Unfortunately now if I have the music at any great volume, the bass notes are causing the habitation lights to dim. I guess the extra current being drawn by the stereo is causing this to happen. 

Anybody know how to remedy this?

Cheers,

john


----------



## Pudsey_Bear (Sep 25, 2008)

That sounds a bit odd, as the power used by LED's is so low, maybe it's a harmonic response of some sort, you may have in vented some new disco lighting tackle.

Kev.


----------



## sallytrafic (Jan 17, 2006)

turn the music down? 

Sorry couldn't resist that.

Two 110A batteries should be able to stand any normal stereo system not perhaps one of those boom box arrangements (from Maplins) that need 100A gold plated fuses.

I would look at the new battery wiring


----------



## AberdeenAngus (Jul 26, 2008)

Sounds like a high resistance somewhere. Check your connections.
What is the power output of the stereo ??


----------



## mooro (Apr 22, 2008)

Thanks guys.

The stereo is a bog standard Sony 40w x4 (so only 10w per speaker as I understand).

There is a 10a fuse in the back of the stereo. I hooked it up to the battery by way of an 8a power lead, with a 7.5a fuse (which isn't blown so presumably the total draw is less than the 8a capacity of the power lead).

I connected the two batteries up using "high capacity" cable from Maplins. The two batteries are right next to each other so the run is only inches.

Re Disco: I had thought of that.

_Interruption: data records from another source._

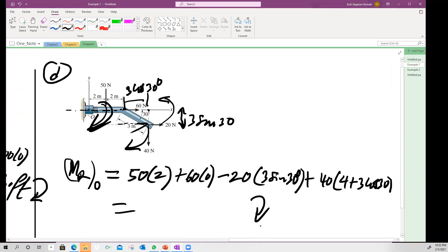There is another problem I want to solve but I need to keep the video short enough to send via WhatsApp. I'll end this video and record the next one, solving one or two more 2D problems. The third video will cover 3D or vector formulation. Bye for now.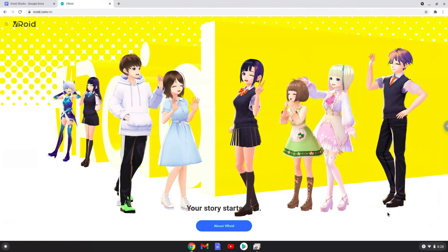Hello. Today we are looking at how to install VRoid Studio on a Chromebook. Please take note that you need a Chromebook with an Intel or AMD processor for this tutorial to work.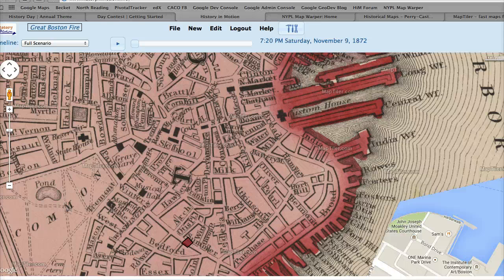Geocoding the map is outside the scope of History in Motion. History in Motion assumes you already have a geocoded map to load into it. Fortunately, there are sources of geocoded historical maps and tools that enable you to easily do your own geocoding if necessary.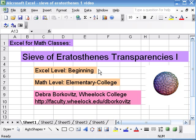In this video we're going to talk about using Excel to make transparencies that you can use in class to explore the Sieve of Eratosthenes, which is a method for finding prime numbers.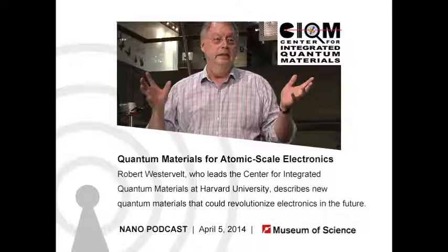Thank you very much for explaining all these different types of quantum materials and how they can be used. It's clear there are a lot of applications beyond quantum computing for these many different types of quantum materials, and we're still at the forefront of learning what we can make on the quantum scale. That's it for this week's show — be sure to come back next time for more of the latest in science and technology. This podcast is a production of Current Science and Technology at the Museum of Science in Boston, part of the Boston community for over 175 years. For more information, visit www.mos.org/CST or email us at podcast@mos.org. Thanks for listening.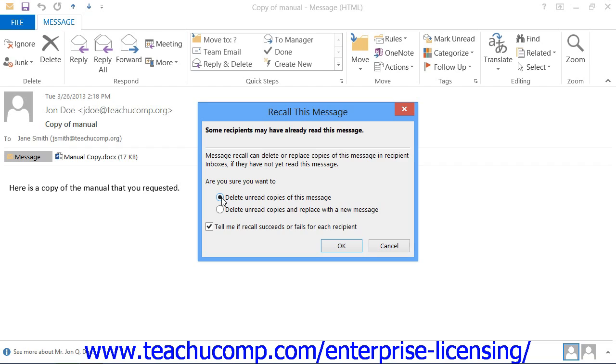You can also click the checkbox to be kept informed of the status of the recall attempt for each recipient.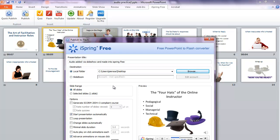When you have published your presentation you'll end up with a folder with three files. The .swf file is the one that you would want to upload to D2L.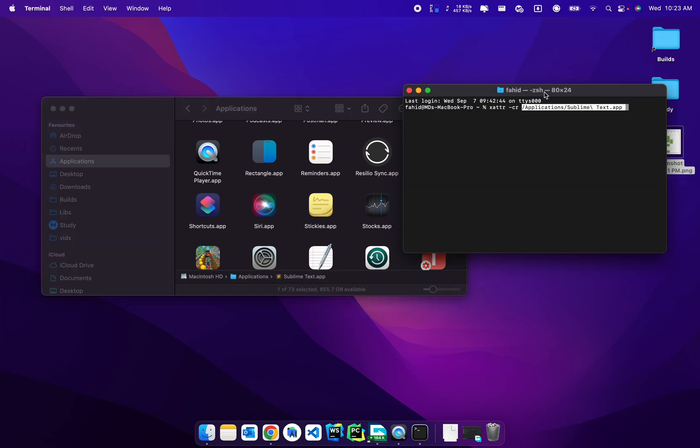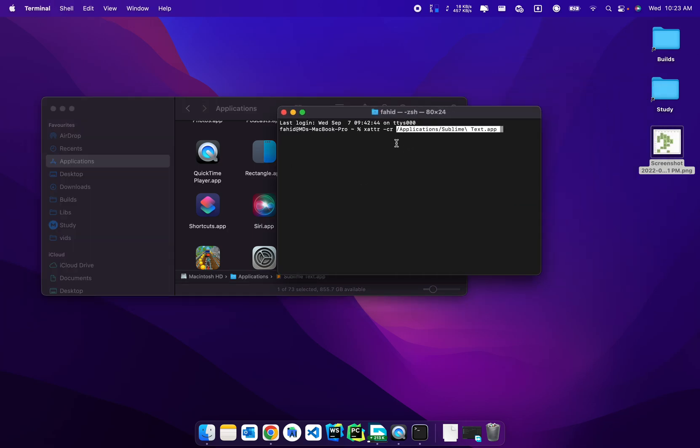What this does is actually gives you the location of the application. Now what you're going to do is hit return. Now you're not going to see any output and it's absolutely normal. You're going to go ahead and close the Terminal window.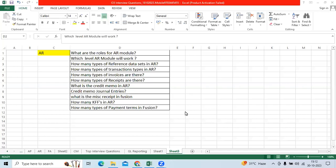Today we will discuss AR module interview questions. What are the roles for AR module? AR module roles include Accounts Receivable Manager, Account Receivable Specialist, Billing Manager, and Collection Agent.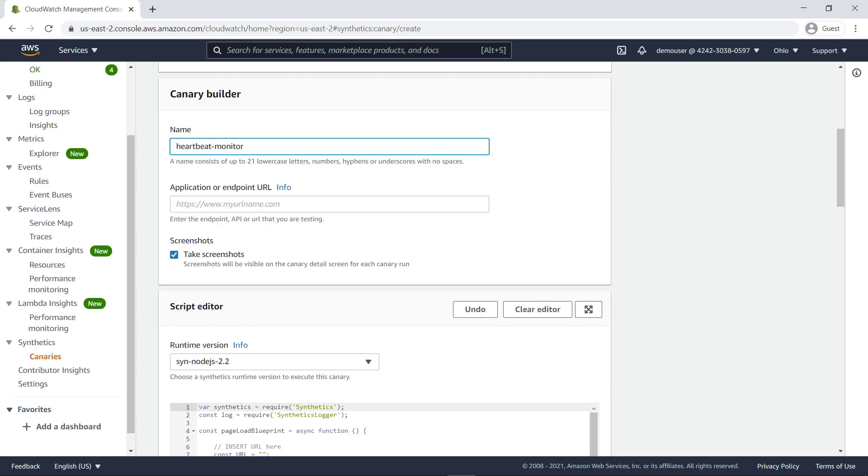Heartbeat scripts load the specified URL and store a screenshot of the page, an HTTP archive file, and logs of accessed URLs. We'll enter the URL for our sample pet adoption site.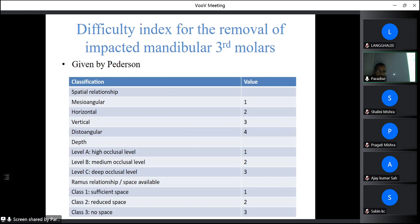The Pedersen difficulty index scores impacted mandibular third molar extraction difficulty. For spatial relationship (Winter's angulation): mesioangular = 1, horizontal = 2, vertical = 3, distoangular = 4. For depth (Pell and Gregory position): position A (high occlusal level) = 1, position B (medium) = 2, position C (deep) = 3. For ramus relationship: class 1 (sufficient space) = 1, class 2 (reduced space) = 2, class 3 (no space) = 3. Total score 3–4 = slightly difficult; 5–6 = moderately difficult; 7–10 = very difficult.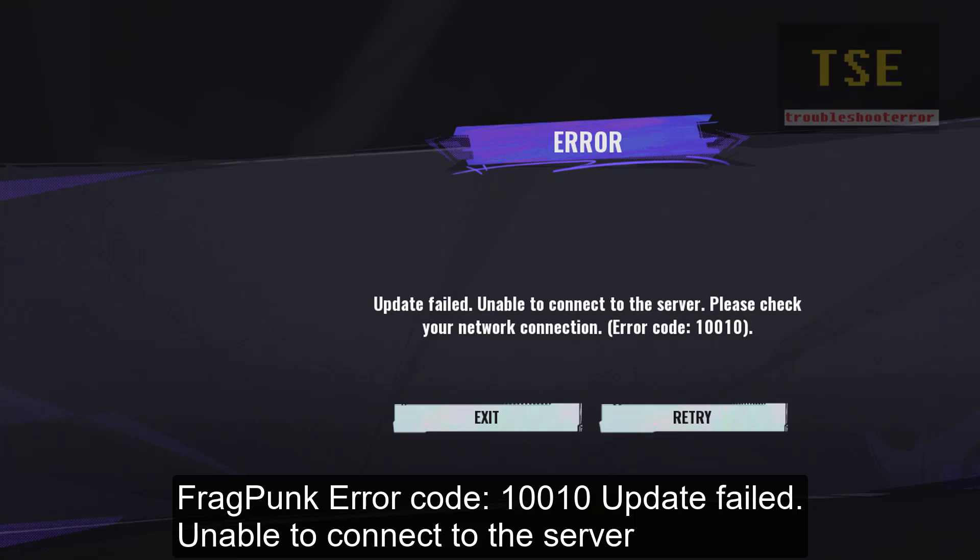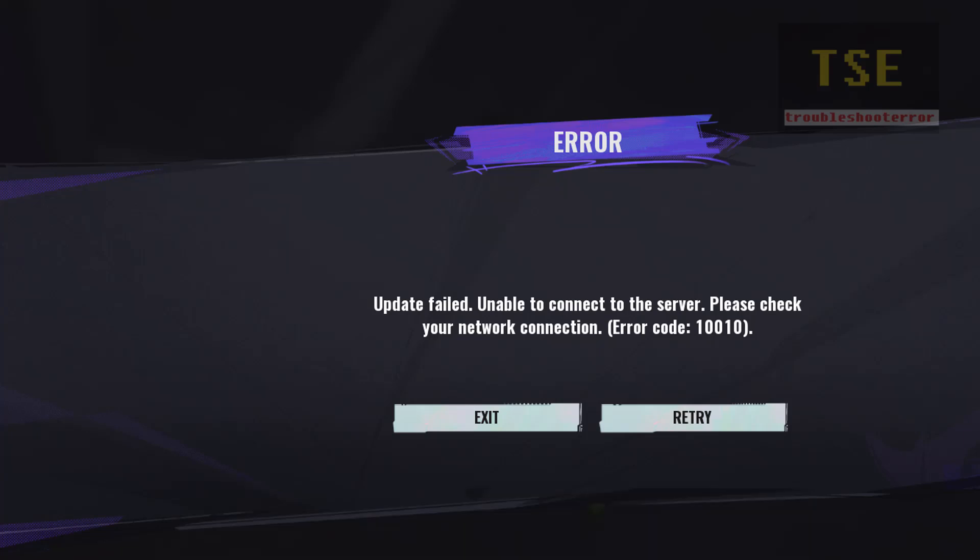FragPunk Error Code 10010: Update failed. Unable to connect to the server. Please check your network connection.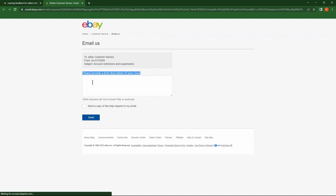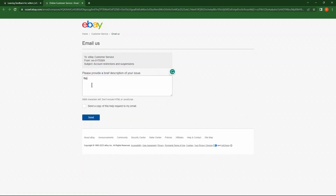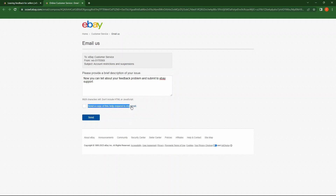Here, write why you would like to delete this feedback and why you received it. Then click Send and wait for a response.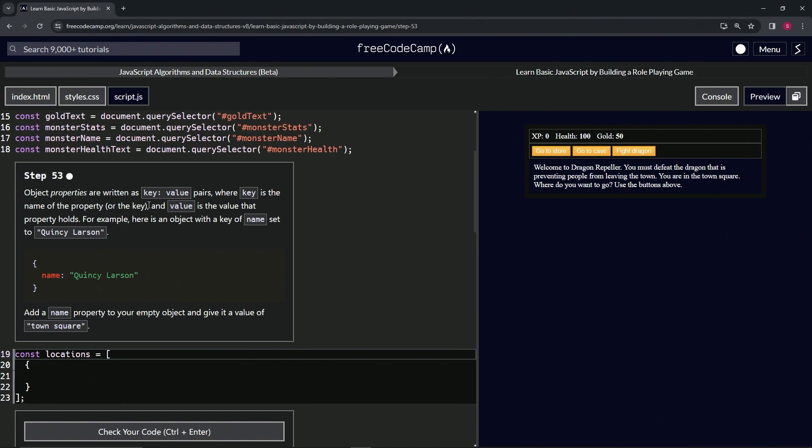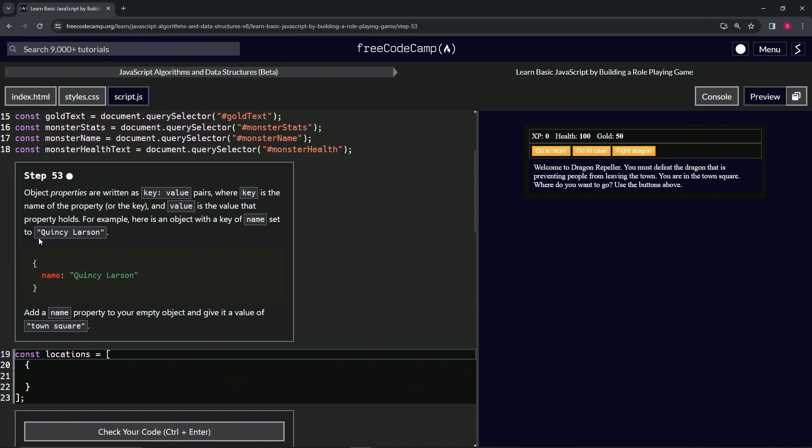For example, here's an object with a key of 'name' set to 'Quincy Larson'. This is the object right here, and this thing is the property. The property has a key, which is this thing, and the value.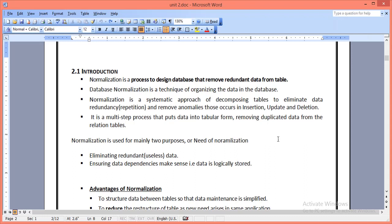Good morning. Today we discuss normalization in DBMS. Normalization is a process of designing a database in such a way that it can reduce redundancy from the tables or database. It is a systematic approach used to eliminate the repetition of data and remove the different anomalies that occur while designing a database.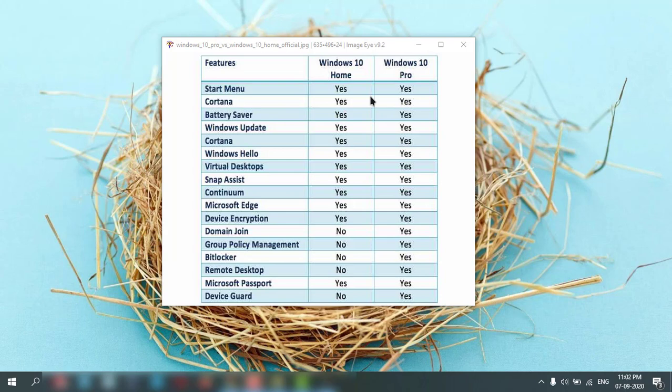So these are the major differences between Windows Home Edition and Pro Edition. The major difference is price. So if you want these advanced things, you can pay a little more for Windows 10 Pro.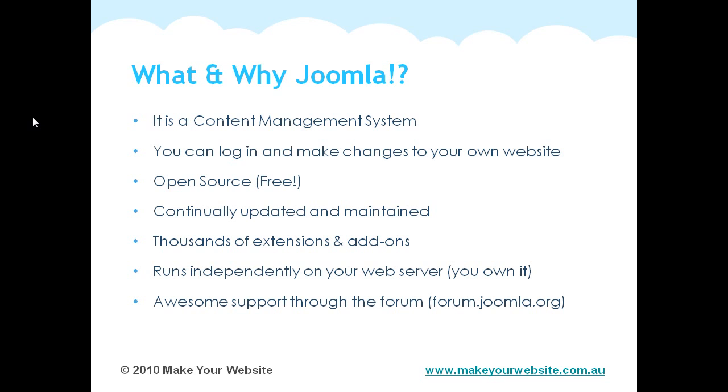Probably one of the biggest things with Joomla is it's got awesome support through their forum. At forum.joomla.org, if you ever have any problems or questions, you can log a question through their forum and within usually a couple of hours, at the latest a day, you'll get someone from around the globe answer your question and give you feedback and help. That's all completely free. What they basically hope is that at some stage, you'll be able to contribute and answer other people's questions. That's what keeps the whole project free, part of the open source community.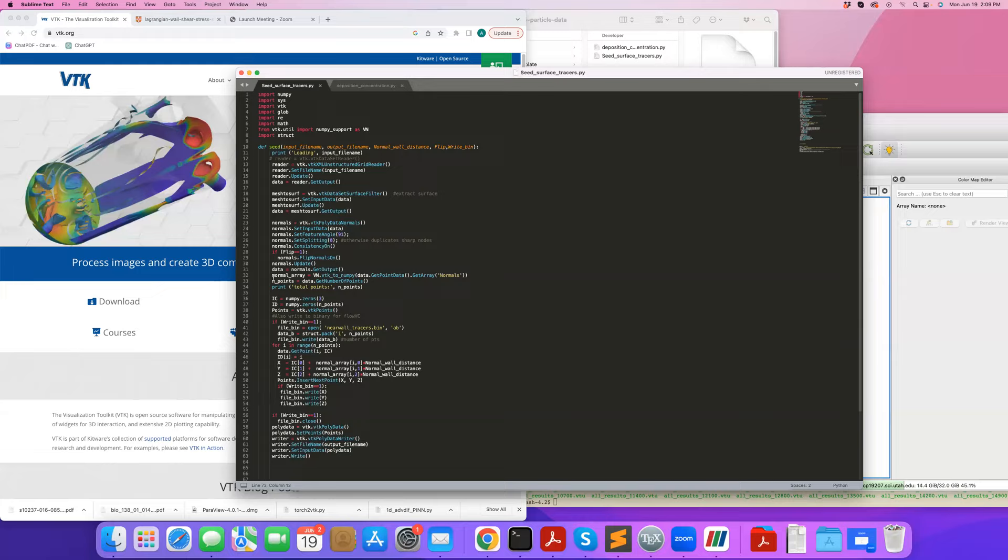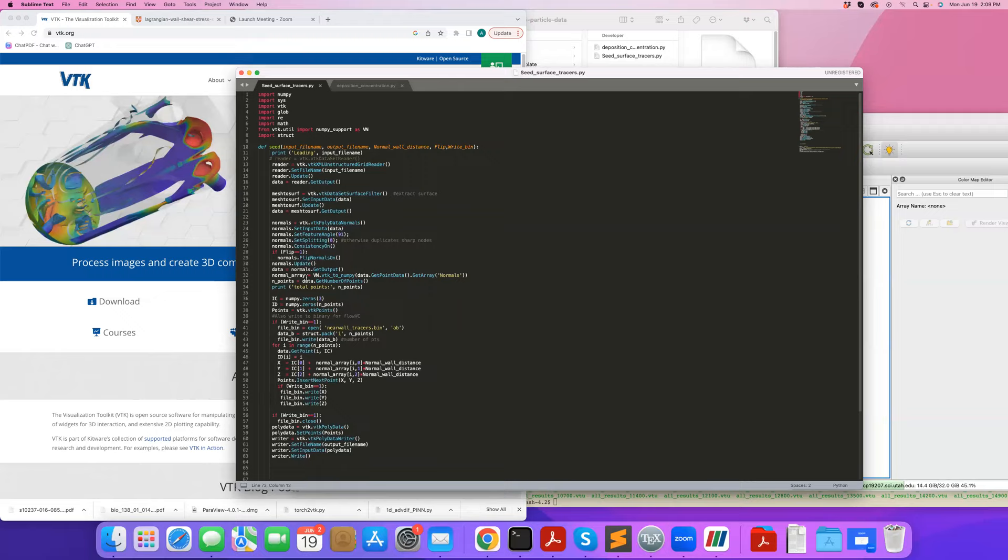Now I need to know my normal vector array. When normals are created using this VTK polydata normals filter, the array that VTK automatically creates is called 'normals'. So I'm going to get that array using data.GetPointData().GetArray() for this normals array. This is going to be a VTK array, but I like to do NumPy type programming with it, so I convert it to NumPy similar to what we've done before. I call the result normal_array. I can also read the total number of points that I have.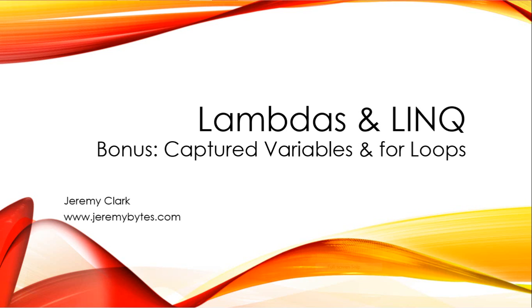This is Jeremy Clark of JeremyBytes.com and we're going to talk a little bit more about lambda expressions today, specifically how we can use captured variables with for loops.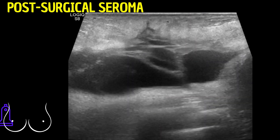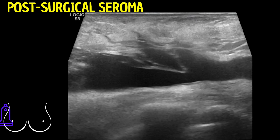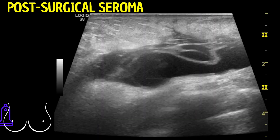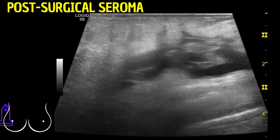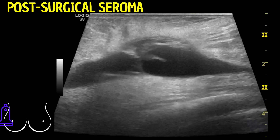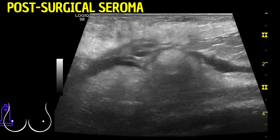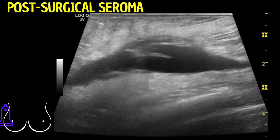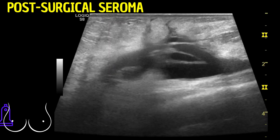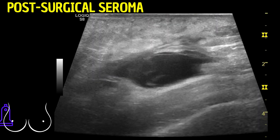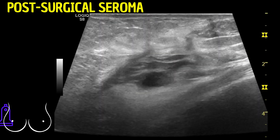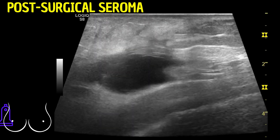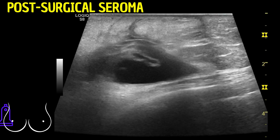Another notable feature in this moving imagery is the increase in echogenicity of the adjacent soft tissues. This variation in brightness, indicative of the tissue's response to the ultrasound waves, suggests possible inflammation or changes due to the seroma and the body's healing response.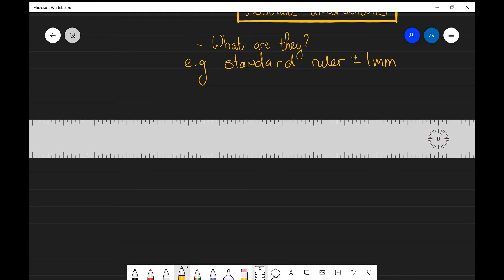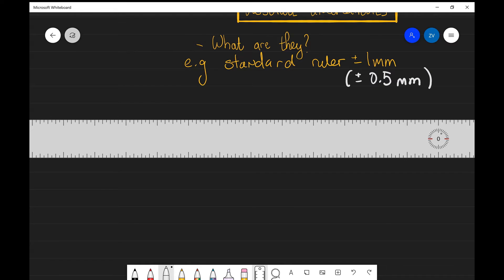Just a little disclaimer here: this is normally the case in A-level physics. You may come across the convention in universities and in research that the absolute uncertainty is actually half of the smallest measurement that you can make — so plus or minus half a millimeter. However, for the purposes of A-level physics and the exams, we're just going to assume that it's the smallest measurement that we can perform with that instrument.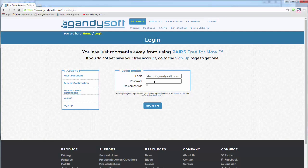By default, the system will log you out of pairs after one hour. Check the Remember Me box and the system will keep you logged in for a week.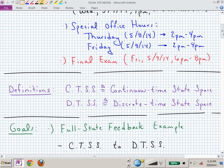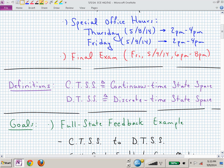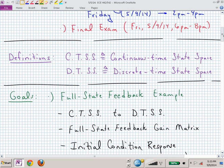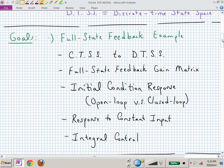Here are the definitions I'll be using since I get tired of writing CTSS and DTSS — continuous time state space and discrete time state space. What I want to do today is review some of the material in the class via example. We will go from continuous time state space to discrete time state space, because in the state space design we need a state space representation in a discrete time form.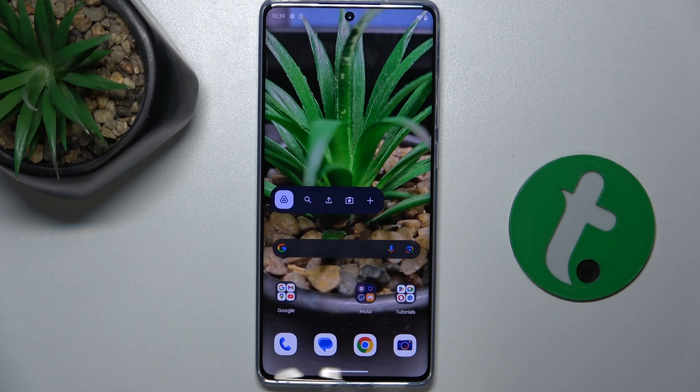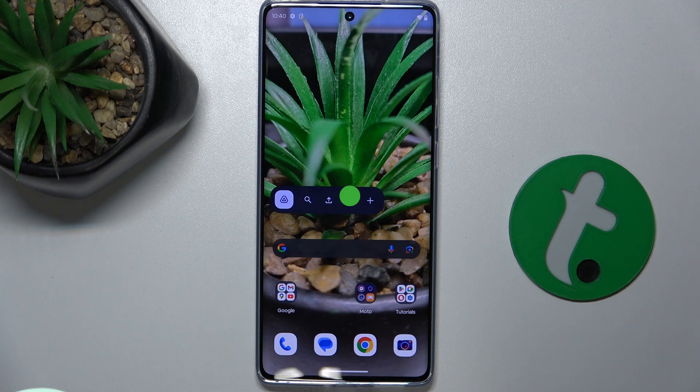Hello, in this video I'm going to show you how to crop a screenshot on Motorola S50 Neo.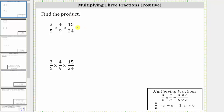Find the product of the three fractions. We multiply three fractions just like we multiply two fractions. To multiply, we multiply the numerators and we multiply the denominators. But of course, we have to make sure the result is simplified, which means we have to simplify out all the common factors between the numerator and denominator.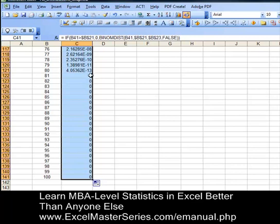The zeros are caused by the if-then-else statement. You need to know how to use if-then-else statements if you want to be an Excel statistical master — it's a very powerful type of Excel statement.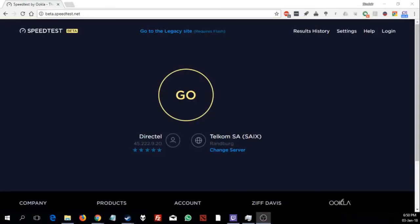So first I'm going to do the test on Wi-Fi. Currently I have 3 bars, 3 out of 5, and I'm about 15 meters away from the router. And there are two concrete walls between the PC that I'm doing the test on to the router itself.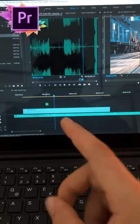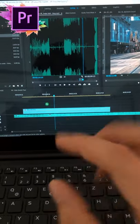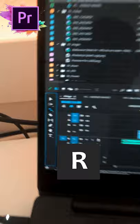If you work with Premiere Pro, you have to know this tool. You can activate it with the R key, and it will be activated here — it's the rate stretch tool.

May just go with multicoloured L.E.D.'s and enjoy the show ;-)


----------



## Pudsey_Bear (Sep 25, 2008)

you say it does it to the bass note, I assume you've tried it with the bass turned down, but have you?

Kev.

I used to like doing it to the bass note, now I can't remember what it was I liked doing.


----------



## sallytrafic (Jan 17, 2006)

A battery is a very stiff supply and such a low impedance that it acts as a capacitor would do smoothing out fluctuations. 

Is any part of your wiring to the stereo shared by the lighting circuit or does any of it run side by side?


----------



## mooro (Apr 22, 2008)

sallytrafic said:


> A battery is a very stiff supply and such a low impedance that it acts as a capacitor would do smoothing out fluctuations.
> 
> Is any part of your wiring to the stereo shared by the lighting circuit or does any of it run side by side?


Well there is one strange thing going on.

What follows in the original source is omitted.